All that should be output is the block of lines below from the line with "Sneakers Balenciaga in pelle rosa" to the line with "Hampton Inn & Suites Hobbs Facilidades foto", both included, exactly as written.

• [MATERIAL FOR THIS TASK]:
====

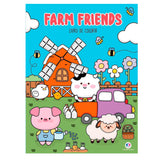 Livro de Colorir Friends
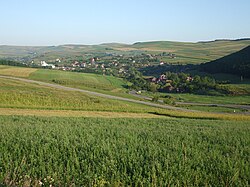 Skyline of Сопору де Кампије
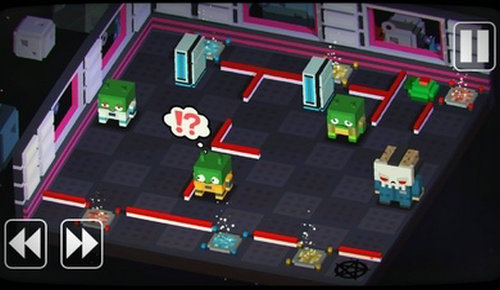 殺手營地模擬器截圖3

====

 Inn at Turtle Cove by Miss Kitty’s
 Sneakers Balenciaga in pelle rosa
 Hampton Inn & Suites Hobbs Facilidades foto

====

• [RESPONSE TO THE EXERCISE]:
 Sneakers Balenciaga in pelle rosa
 Hampton Inn & Suites Hobbs Facilidades foto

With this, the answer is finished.